Amcham e Fundação FHC se uniram aos principais especialistas e cases internacionais e nacionais, públicos e privados, em uma semana imersiva de discussões e compartilhamento de ações impactantes e inovadoras direcionadas à transição para uma economia de baixo carbono.

“Bem-vindos ao século 21, que começou de fato após a pandemia de Covid-19, e a um mundo onde a natureza e o meio ambiente terão papel central e serão domínio de todos, não apenas dos ambientalistas.” Com essa frase de impacto, a ex-ministra do Meio Ambiente Izabella Teixeira iniciou sua palestra no primeiro dia da Semana Transição para uma Economia de Baixo Carbono, promovida pela Fundação Fernando Henrique Cardoso e pela Amcham, com patrocínio da CMPC.

Durante quatro manhãs, 12 líderes empresariais, investidores e executivos do setor financeiro se encontraram online para apresentar as visões e as ações de suas empresas com o objetivo de reduzir suas respectivas pegadas de carbono e ajudar a construir um Brasil (e um mundo) mais sustentável.

“Perseguir uma agenda de sustentabilidade significa uma busca pela perenidade.

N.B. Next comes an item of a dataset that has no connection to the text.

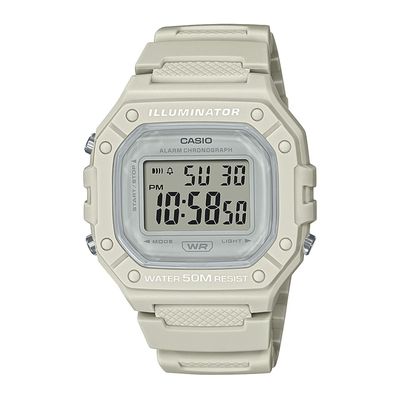Reloj Unisex CASIO W-218HC-8AVDF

O Brasil tem o maior ativo ambiental do planeta, especialistas de renome internacional e muito o que fazer em todas as esferas, incluindo governo, empresas e sociedade. O papel da Amcham é contribuir para aprofundar o debate e ampliar a diversidade de atores comprometidos com essa transição. Nesta semana, vamos conhecer casos reais e soluções aplicáveis em todo o país e no mundo”, disse Deborah Vieitas, CEO da Amcham, ao abrir o evento.

“A antecipação dos efeitos da mudança climática deu um sentido de urgência ao tema da sustentabilidade. As melhores empresas brasileiras entenderam que é do seu interesse e do interesse do país acelerar a transição para o baixo carbono. E que também pode ser um bom negócio”, afirmou Sergio Fausto, diretor da Fundação FHC e co anfitrião do evento.

“Os próximos dez anos serão chave para fazermos a grande transformação de descarbonizar nossa sociedade. A iniciativa privada tem um papel essencial ao agir de forma efetiva para reduzir drasticamente as emissões de carbono de suas operações”, disse Marcelo Furtado, consultor na área de Governança Ambiental, Social e Corporativa (ESG) e um dos mediadores do evento.

Responsabilidade ambiental e social andam juntas

O tema do primeiro dia foi “Remodelando as práticas dos negócios”, e os convidados foram os CEOs Daniela Manique, Marcelo Castelli e Renato Franklin, respectivamente presidentes da Rhodia, Votorantim Cimentos e Movida. Izabella Teixeira, uma das maiores especialistas brasileiras no assunto, fez a keynote speech.

“Não dá para viver sem cimento e concreto, que produz infraestrutura, teto e conforto. Com o crescimento populacional do planeta, e o déficit habitacional e de saneamento ainda existente em diversos países, tudo leva a crer que haverá cada vez mais demanda por esse material. Daí a necessidade de fazer um produto mais sustentável, por meio do uso de energias renováveis, trabalhando com carros elétricos e engajando toda a cadeia de valor”, disse Marcelo Castelli (Votorantim). A empresa tem como compromisso reduzir em 2030 suas emissões ao nível de 1990: “Ainda somos emissores de carbono, mas já reduzimos nossas emissões em 35%.”

A Rhodia pretende se tornar neutra em emissões de carbono até 2025: “Já reduzimos nossa pegada em 96%, mas os 4% restantes são os mais difíceis”, disse Daniela Manique, para quem apenas as empresas de fato comprometidas com a sustentabilidade continuarão no mercado a médio prazo. A CEO da Rhodia destacou o sucesso de uma nova linha de solventes veganos 100% produzida no Brasil, com 85% da produção exportada.

Renato Franklin, CEO da Movida, locadora de veículos voltada para a classe C e com filiais em todo o país, relatou que 10% do bônus anual distribuído pela empresa a seus funcionários está vinculado ao cumprimento de metas ambientais.

Os três executivos destacaram a importância da responsabilidade social ao lado da ambiental. “Sustentabilidade e coesão social são partes indissociáveis de nosso negócio. A indústria tem que assumir um papel de advocacy e influencer em ambas as áreas”, afirmou Manique.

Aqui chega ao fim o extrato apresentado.